In Sarasota, Dixon is met by a stretch limousine that will take him to a hotel. After seeing Worth standing on the curb, he offers her a lift to Siesta Key. During the journey, Dixon explains that he works for an unnamed organization that is capable of predicting clear-air turbulence, which is a far more serious phenomenon than the public believes. "Talented" individuals such as Dixon are required on flights that will encounter clear-air turbulence, with their terror triggering telepathic abilities that prevent the plane from crashing.

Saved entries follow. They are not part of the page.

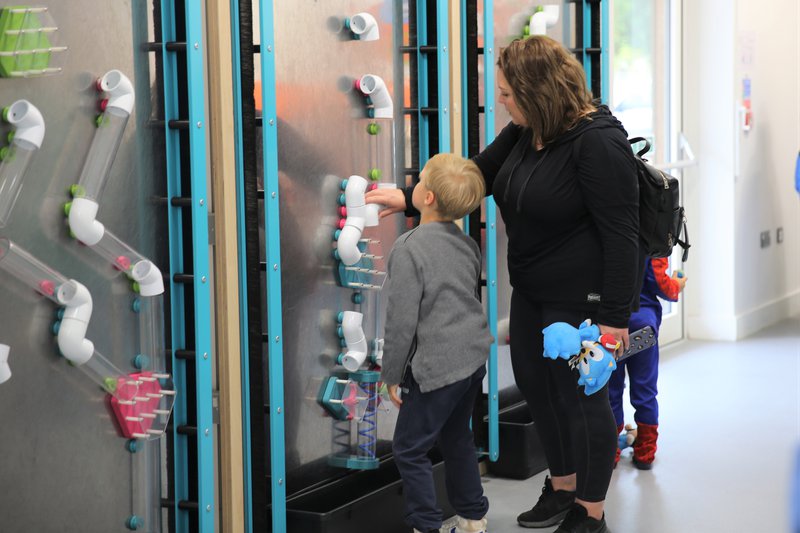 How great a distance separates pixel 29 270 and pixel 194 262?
38 centimetres

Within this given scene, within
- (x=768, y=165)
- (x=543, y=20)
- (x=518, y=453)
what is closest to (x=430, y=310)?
(x=518, y=453)

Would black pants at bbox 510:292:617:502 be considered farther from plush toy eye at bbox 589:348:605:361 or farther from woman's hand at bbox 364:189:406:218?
woman's hand at bbox 364:189:406:218

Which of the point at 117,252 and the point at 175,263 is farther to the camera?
the point at 175,263

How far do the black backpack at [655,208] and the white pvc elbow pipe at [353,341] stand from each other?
0.76 metres

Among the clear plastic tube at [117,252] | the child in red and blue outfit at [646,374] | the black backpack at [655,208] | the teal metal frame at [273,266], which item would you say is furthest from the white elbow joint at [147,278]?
the child in red and blue outfit at [646,374]

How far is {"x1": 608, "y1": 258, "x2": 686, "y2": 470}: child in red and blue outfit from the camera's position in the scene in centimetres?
347

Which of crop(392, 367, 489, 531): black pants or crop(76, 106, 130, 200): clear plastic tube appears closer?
crop(76, 106, 130, 200): clear plastic tube

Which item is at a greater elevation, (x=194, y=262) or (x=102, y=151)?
(x=102, y=151)

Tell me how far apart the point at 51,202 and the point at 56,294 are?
0.58ft

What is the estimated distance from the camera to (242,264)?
2.39m

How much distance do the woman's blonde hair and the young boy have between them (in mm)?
209

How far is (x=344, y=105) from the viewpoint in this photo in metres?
2.75

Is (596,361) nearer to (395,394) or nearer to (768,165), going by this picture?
(395,394)

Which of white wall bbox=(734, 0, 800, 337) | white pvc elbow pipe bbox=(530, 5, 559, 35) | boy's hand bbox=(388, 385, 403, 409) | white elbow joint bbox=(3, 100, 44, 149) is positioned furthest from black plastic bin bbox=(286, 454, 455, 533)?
white wall bbox=(734, 0, 800, 337) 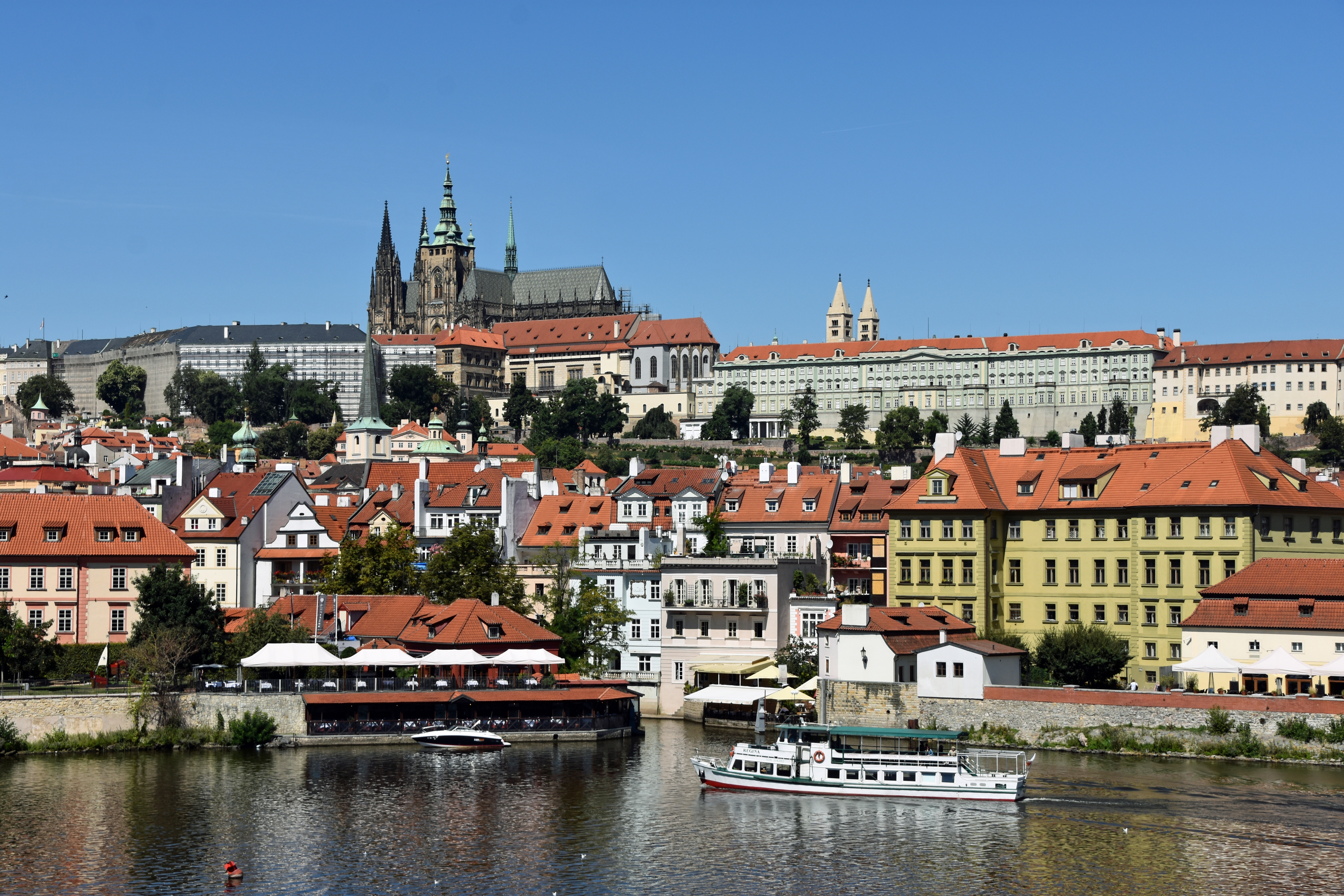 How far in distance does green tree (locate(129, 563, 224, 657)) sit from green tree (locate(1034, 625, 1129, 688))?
32.6 m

Remembering that Worth was also terrified and also believed the plane would crash, Dixon invites her to join the organization, privately noting that once she joins she will never be able to leave and that recruiting her will enable him to retire two years earlier. The story ends with Worth being contacted by Dixon's facilitator, after which she is seen acting as a turbulence expert on a flight from Boston to Dallas.

== Publication ==
Bev Vincent suggests that the central idea behind "The Turbulence Expert" can be traced to an interview King gave to Dennis Miller in 1998, where he disclosed a fear of flying and stated "the flight you have to be afraid of is the flight where there's nobody on who's afraid of flying [...] those are the flights that crash" and that "you have three or four people who are terrified right out of their minds... we hold it up."

"The Turbulence Expert" was first published in 2018 as part of the 2018 horror anthology Flight or Fright, which was conceived of by King and edited by him along with Bev Vincent. An audiobook was released consecutively by Simon & Schuster Audio, with King narrating his own story. In 2024, "The Turbulence Expert" was collected in King's book You Like It Darker.

== Reception ==
Stephen Spignesi noted that "The Turbulence Expert" represents one of King's occasional forays into science fiction, commenting "he doesn't 'let us down' (pun intended) with his latest effort." Greg Chapman of the New York Journal of Books stated "like many of King’s short stories, it leaves you guessing—and wanting more". Reviewing Flight or Fright, Publishers Weekly described "The Turbulence Expert" as "a perfectly tense tale".

Less positive reviews were received from Ross Jeffery of STORGY Magazine, who described "The Turbulence Expert" as "a good story [...] not a great story" and "a simple story that really didn't move me at all", and from SFX, which described "The Turbulence Expert" as "half-formed". Reviewing You Like It Darker for Bloody Disgusting, Jenn Adams suggested that "The Turbulence Expert" would "play on existing fears of airline travel" but "feel[s] slight and may not evoke the same powerful response in readers without similar life experiences." Critiquing elements of the plot, Michael Washburn suggested that "King's concept here is interesting, but he might have thought it through with more rigor [...] and set [it] aside if he could not resolve its contradictions". Describing the story as "Twilight Zone-style", Mike Finn suggested that "the central conceit of the story was original and fun. The story was briskly told and felt a little sparse". Reviewing You Like It Darker for Rolling Stone, Sassan Niasseri judged "The Turbulence Expert" to be the weakest story in the collection.

Reviewing You Like It Darker, Justin Hamelin suggested that "'The Turbulence Expert' and 'Red Screen' would make for nice Creepshow episodes, with no overt gruesome horror but plenty of weird vibes."